MOVEit Hackers Pivot to SysAid Zero-Day in Ransomware Attacks

Move over MOVEit, there's a new zero-day being exploited to deploy Cl0p ransomware into enterprise networks. This time, the same threat actors were caught leveraging a flaw in on-premises deployments of SysAid IT Support software.

Microsoft announced the flaw, tracked under CVE-2023-47246, on Nov. 8, adding that SysAid has already issued a patch. SysAid CTO Sasha Shapirov explained in a blog post published on the same day that the company was made aware of the vulnerability on Nov. 2, which triggered an immediate investigation and remediation effort.

SysAid offers IT help desk and support service automation for organizations across a variety of data-sensitive sectors, including healthcare, human resources, higher education, and manufacturing. The company did not immediately respond to requests to comment about the number of potential or identified victims of cyberattack.

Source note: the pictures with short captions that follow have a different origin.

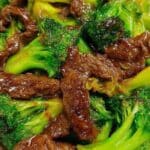 Beef and broccoli stir fry served in a bowl with savory sauce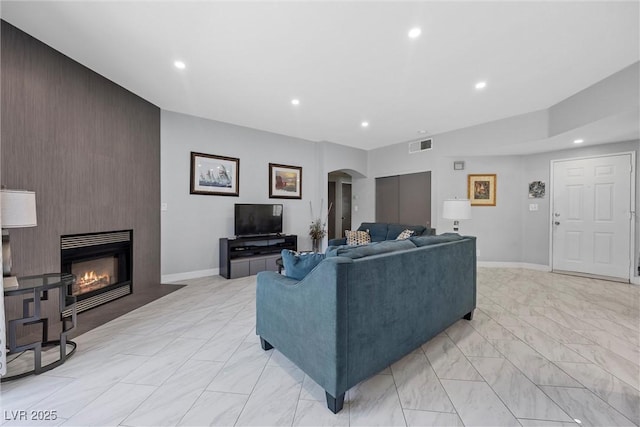 4821 Black Bear Rd Unit 101, Las Vegas, NV 89149 - living area featuring arched walkways, recessed lighting, light marble finish flooring, an accent wall, and baseboards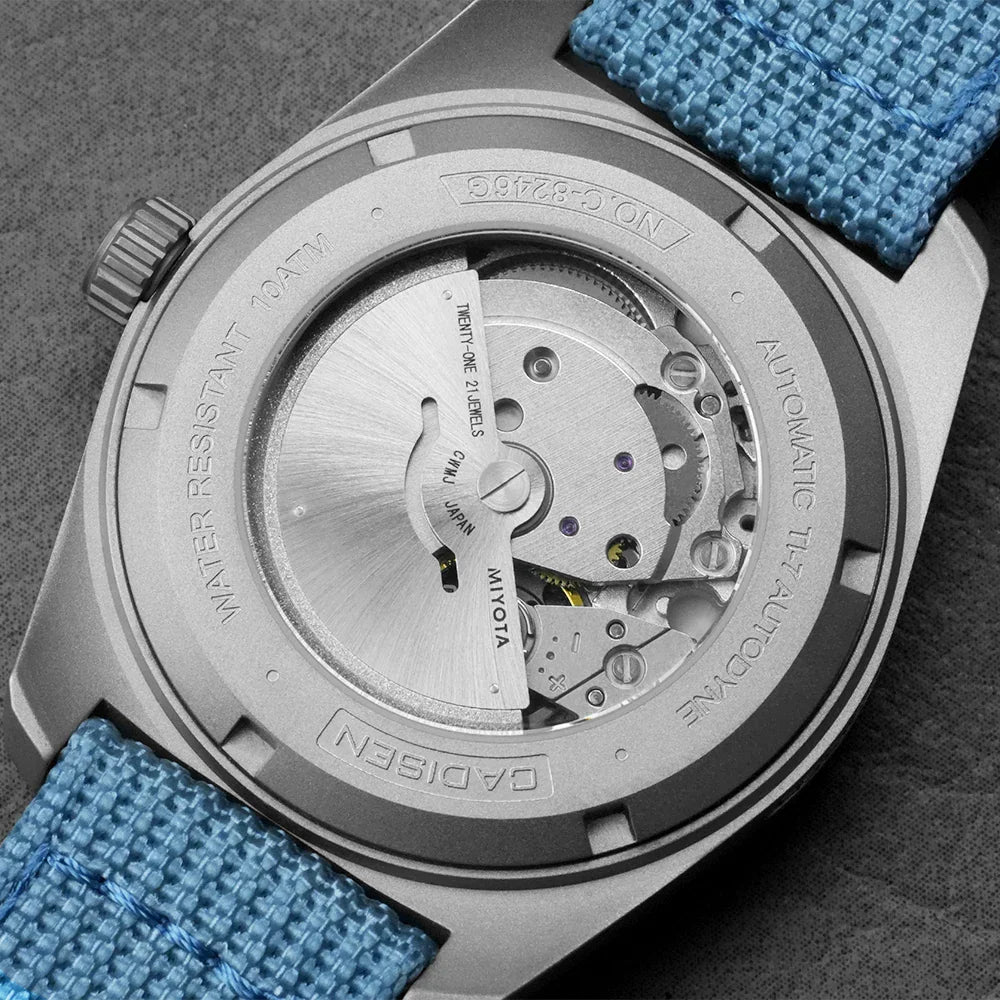 Back view of titanium mechanical watch with exhibition case back showing automatic movement
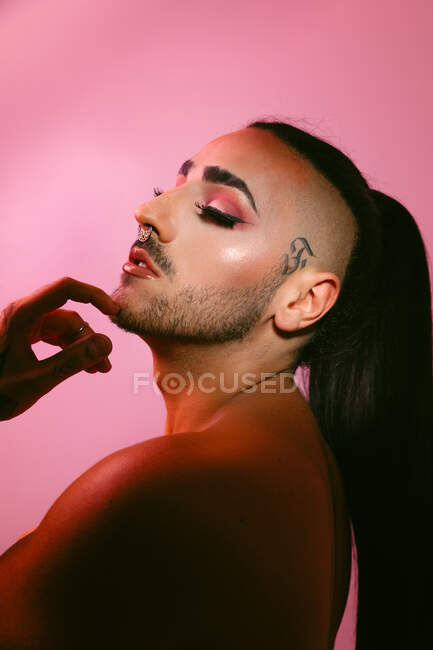 Vista laterale ritratto di glamour transgender donna barbuta in sofisticato make up posa contro sfondo rosa in studio — Foto stock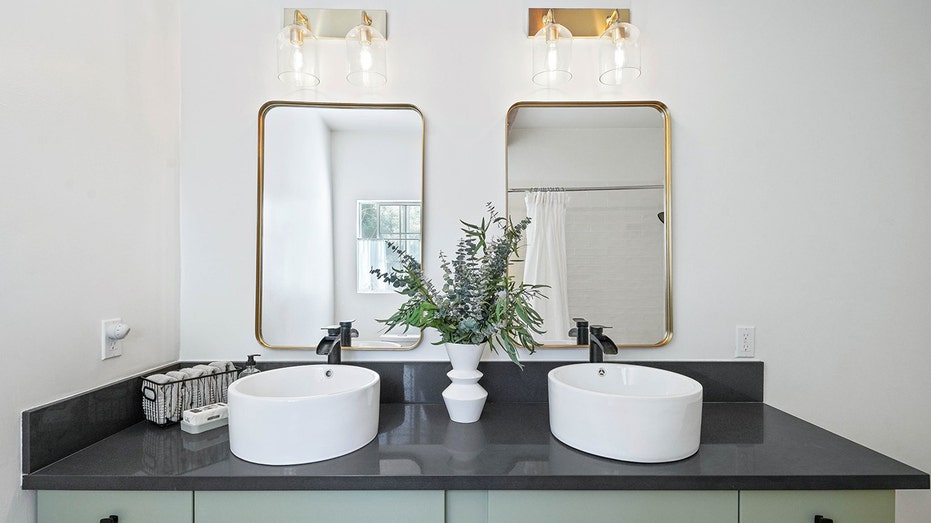 Two sinks with two mirrors and sconces and a plant in the middle on top of a black counter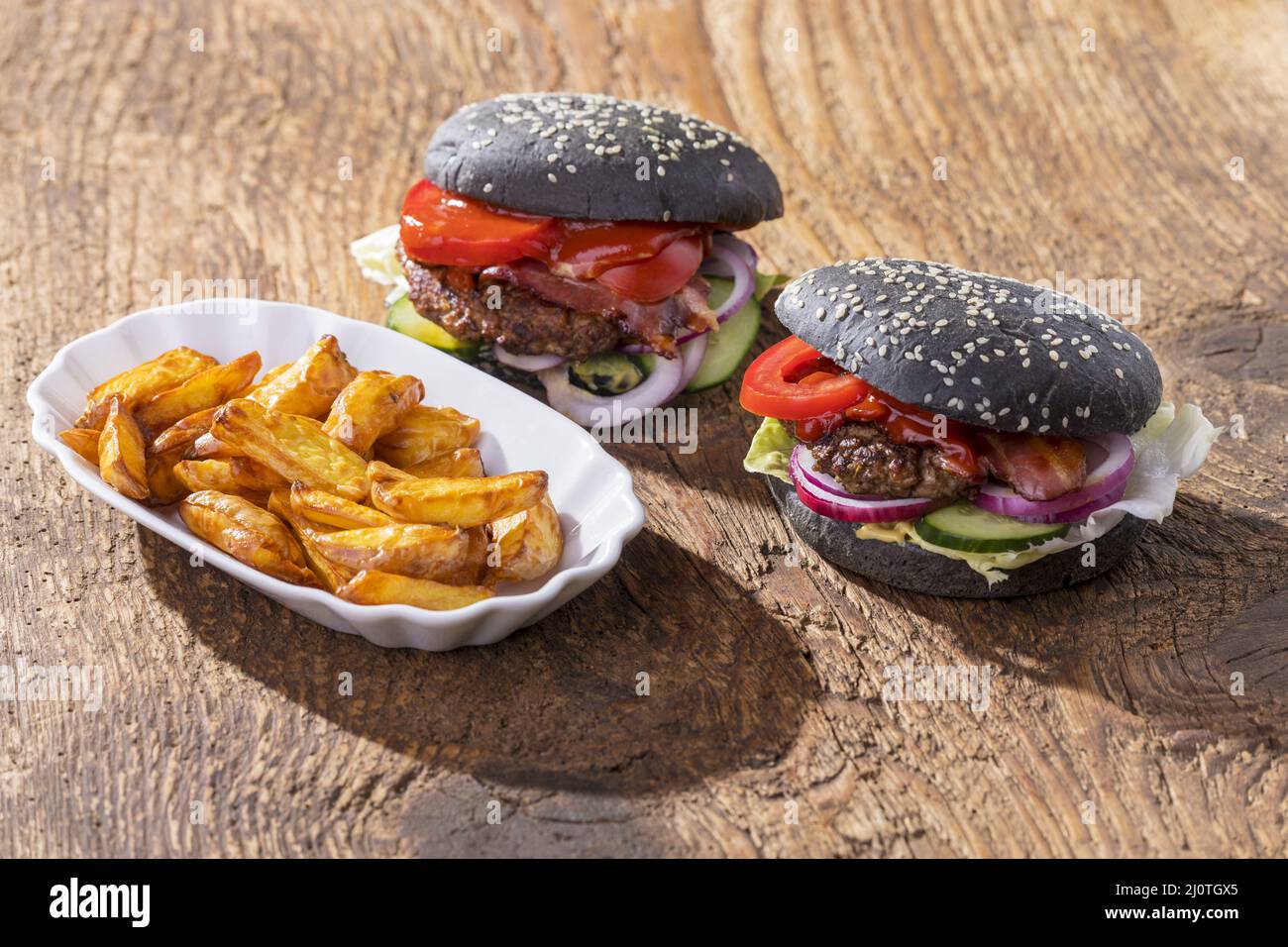 Primo piano degli hamburger neri su legno Foto Stock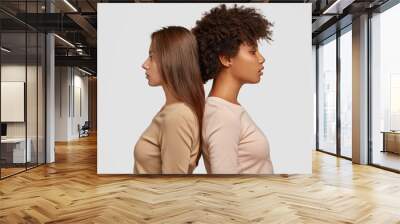 Two mixed race women stand in profile back to each other, have thoughtful expressions, dressed in casual clothes, think about cooperation, isolated over white background. Studio shot. Ethnicity Wall mural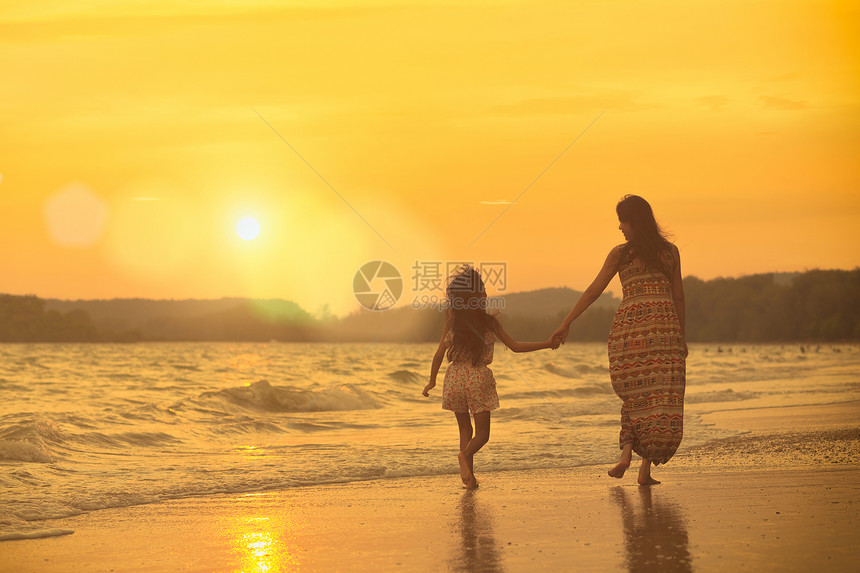 母女俩在夕阳西下的沙滩上散步图片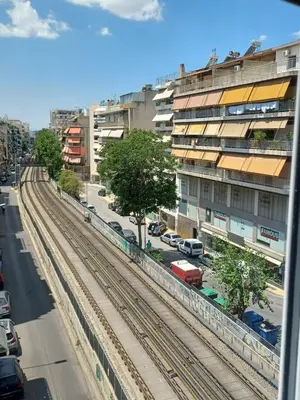 a view of a city street with train tracks at Family station in Athens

Microsoft's Threat Intelligence Team determined that the threat actor behind the exploit was Lace Tempest, also known by the designation DEV-0950, which is known for deploying Cl0p ransomware for their extortion campaigns. The group used the same ransomware strain against the MOVEit zero-day vulnerability in a blitz of attacks that compromised hundreds of organizations.

"The investigation identified a previously unknown path traversal vulnerability leading to code execution within the SysAid on-prem software," Shapirov explained. "The attacker uploaded a WAR archive containing a WebShell and other payloads into the webroot of the SysAid Tomcat Web service."

The SysAid exec recommended enterprise teams running on-premises versions of SysAid should crack open the incident response playbook and keep patches up-to-date as they become available. The post also provided detailed indicators of compromise (IoCs).

"We urge all customers with SysAid on-prem server installations to ensure that your SysAid systems are updated to version 23.3.36, which remediates the identified vulnerability, and conducts a comprehensive compromise assessment of your network to look for any indicators further discussed below," Shapirov added. "Should you identify any indicators, take immediate action and follow your incident-response protocols."

The Problem With On-Prem Patching

The fact that this SysAid vulnerability impacts on-premises instances will likely delay patching in many enterprises, according John Gallagher, vice president of Viakoo Labs.

"Many organizations lose track of who is responsible for on-premises deployments unless they are managed by IT," Gallagher says. "Organizations should have a complete asset inventory, including application-based discovery."

As costs related to the MOVEit breach spiral into the billions, this new SysAid discovery is alarming and demonstrates the critical need for enterprise security teams to respond quickly to emerging threats.

"The potential damage from the SysAid vulnerability would depend on factors such as how widespread the exploitation is, how quickly the patch is applied, and the sensitivity of the accessed data," Craig Jones, vice president of security operations at Ontinue says. "Given the Cl0p group's historical tactics, as seen in the MOVEit incident, and their likely financial motivation, there is a risk of significant impact if the SysAid vulnerability is not swiftly and effectively mitigated."

To prepare in advance of the next zero-day campaign, Paul Laudanski, director of security research for Onapsis suggested that security teams need get clear on what's in their networks and monitor effectively. That includes firewalls configured to identify path traversal, monitoring of webshell execution and engagement, and more, he explained via email.

"This attack serves as a huge wake-up call for companies that lack proper threat detection capabilities, understanding, and mapping of their end-to-end ecosystem," Laudanski added. "Organizations should understand their environment and fine-tune alerts regularly."